Focus is good and the last couple of days 'soaking in it' have been immensely valuable.
I wrote a rather scathing rebuttal on Saturday to Marc Cantor's indictment of Digital ID World and subsequent decision that he needed to hang around the halls to participate in the ongoing conversation. I'm sorry in some respects that I thought better of it and put it away. I like Marc; he's deeply involved in many aspects of digital media (and as a result, identity) but I think he's wrong for a number of reasons. Creating new venues to continue the conversation about identity is good; it's a deep subject which should undergo continuous review and evaluation and customer viewpoints need to be constantly brought to the fore. Whining that the next step in the conversation should occur elsewhere is not very helpful (certainly not the week before it starts) and ignores certain realities.

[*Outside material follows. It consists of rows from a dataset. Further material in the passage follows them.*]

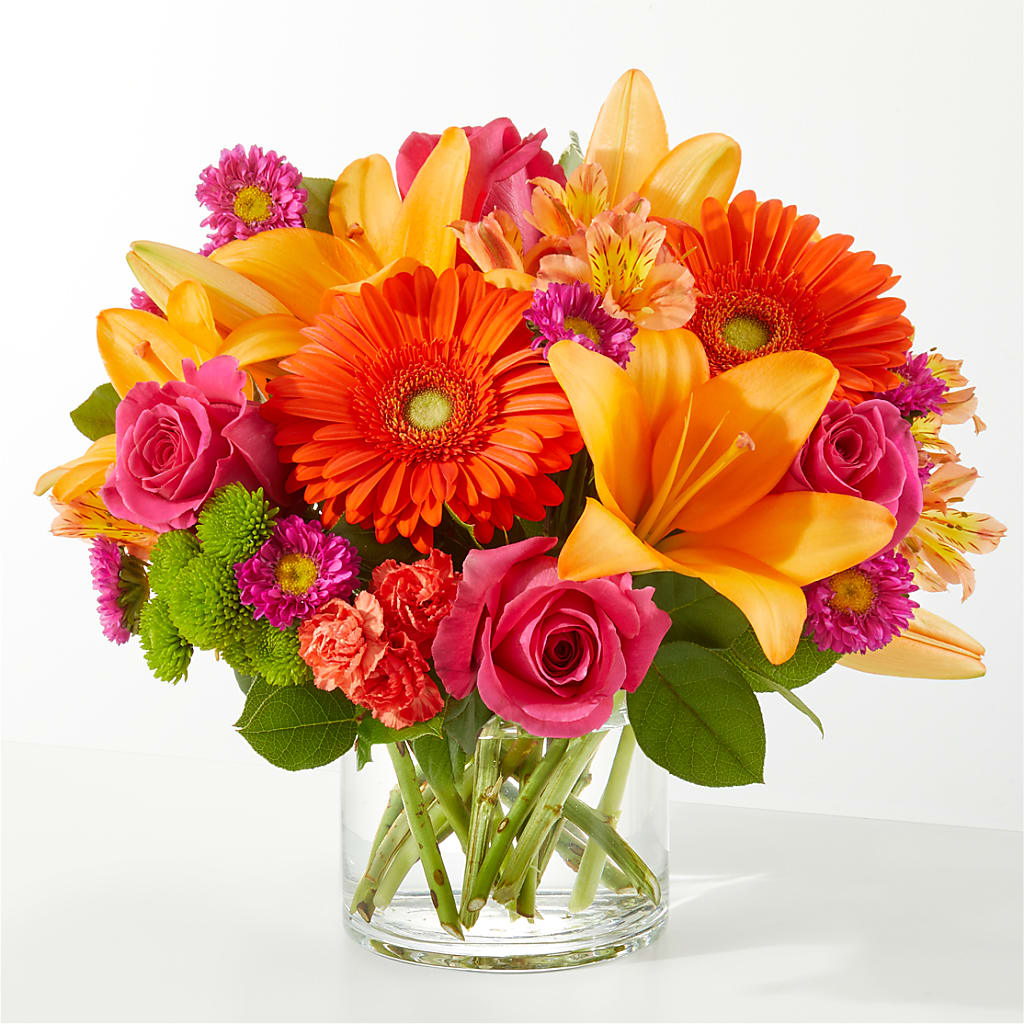 Soiree Bouquet – Dynamic Flowers Of Royal Oak, Royal Oak MI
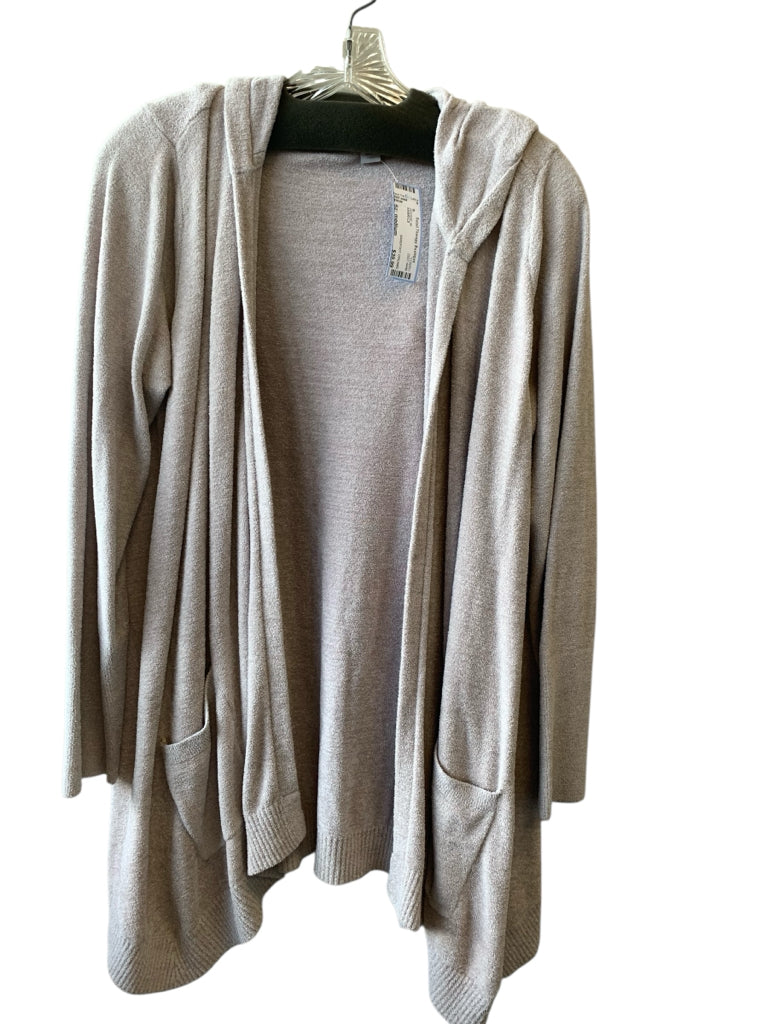 BAREFOOT DREAMS  medium HOODIE W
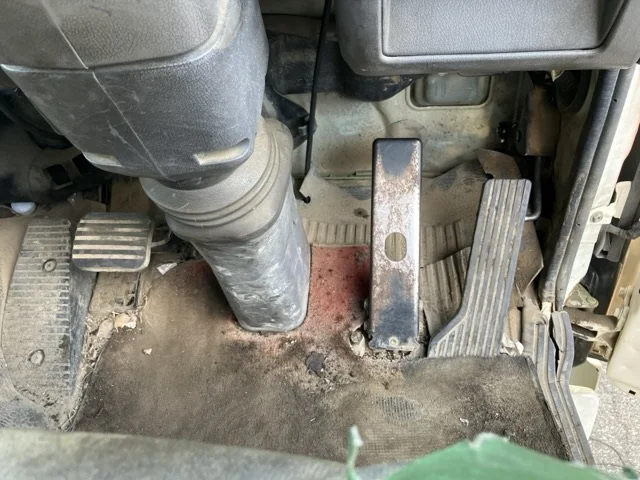 Hino Ranger  с аукциона в Японии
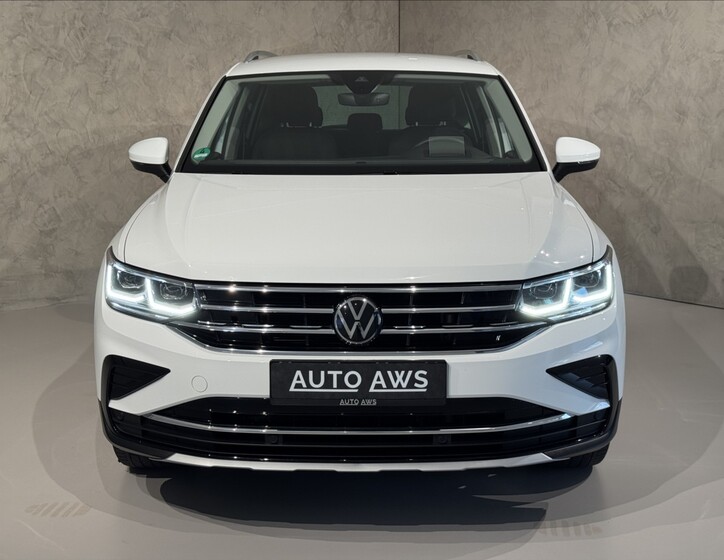 Volkswagen Tiguan 2
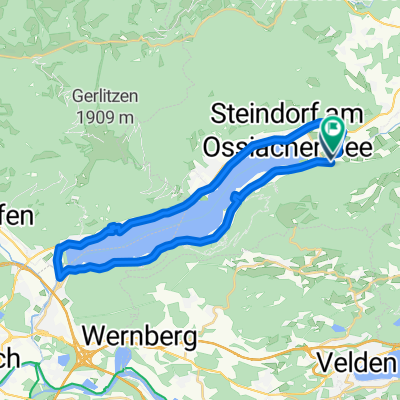 Alt-Ossiach, Ossiach - Alt-Ossiach, Ossiach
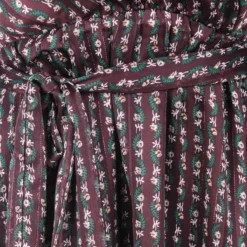 Robe Mi-longue Asymétrique Manches Longues Légère Femme LA PETITE ETOILE -Tendryne Soldes Boutique robe mi longue asymetrique manches longues legere femme la petite etoile 7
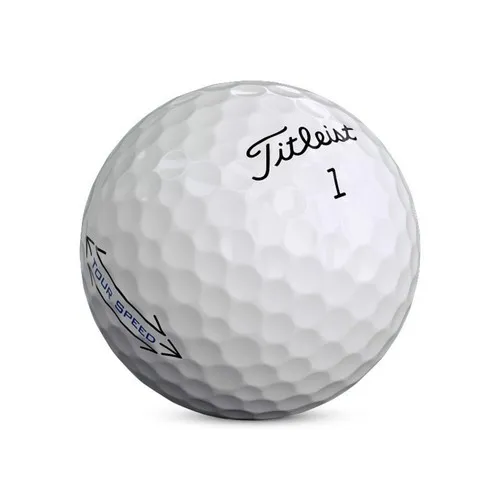Balles de Golf Titleist - TOUR SPEED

I'm caught in the middle in many respects. Given the choice, our customers would like to just have things work and retain as much anonymity as possible. Would it be useful if we could generate FOAF, Drupal, LID or other lightweight IDs for them (and provide simple editing and control tools)? Seems that way to me. On the other hand, they're also going to want to do things with big online vendors, despite their use of Liberty, SAML, et al. Our customers are only going to care if we screw up and expose data they didn't approve or if we make the process overly difficult (a hard egg to crack). At the same time, I want to be my own identity authority where possible. I'm not convinced that we can't have what Doc would call DIY identity.
DIDW may have a history of being an enterprise conference. I don't know. Having never been before, I have nothing to compare against. Certainly, there are a lot of people here talking about corporate IdM and plenty of sessions to make them happy. That said, the recent sleep cycle on identity seems to be ending and a host of new digital identity related activity is going on. Technology is like that; massive frantic activity and a bit of stagnation as things coalesce. We're on an upswing now and the subject I had trouble getting people to talk about last year is this years buzz. I've had no problem finding sessions of interest and people I needed to talk to to get a better picture of the entire spectrum of digital identity. Outside of yesterdays identity gang meeting I found time to corner Johannes Ernst and work through the issues I believed could be a problem for us with LID, ambush Drummond Reed (and numerous others like Bill Washburn and Andy Dale) getting a get much better understanding of XRI/XDI, and tie Dick Hardt to a chair for nearly an hour to help clarify many of my misconceptions and add many things I'd missed about Sxip. We also spent some time with the PingID folks to get a better idea of where they're at and how that could fit into our bigger picture.
I came to focus on identity and it seems to be paying dividends. That the customer focused discussion on identity happened on Monday before the conference actually opened and I managed to wrangle an invite (thanks Doc!) was even better (some have said it's half the conference). Not being a conference trotter, I feel this was a really good choice for a week of my time. If we're to get to Dick's Identity 2.0 vision statement (a fifteen minute, 300+ slide presentation; I wish everyone could see the first five minutes or so of Id 1.0 recap), a lot of things are going to need to change including DIDW. Perhaps that's begun and as Kim cautions, we need to add to the momentum that's already been built.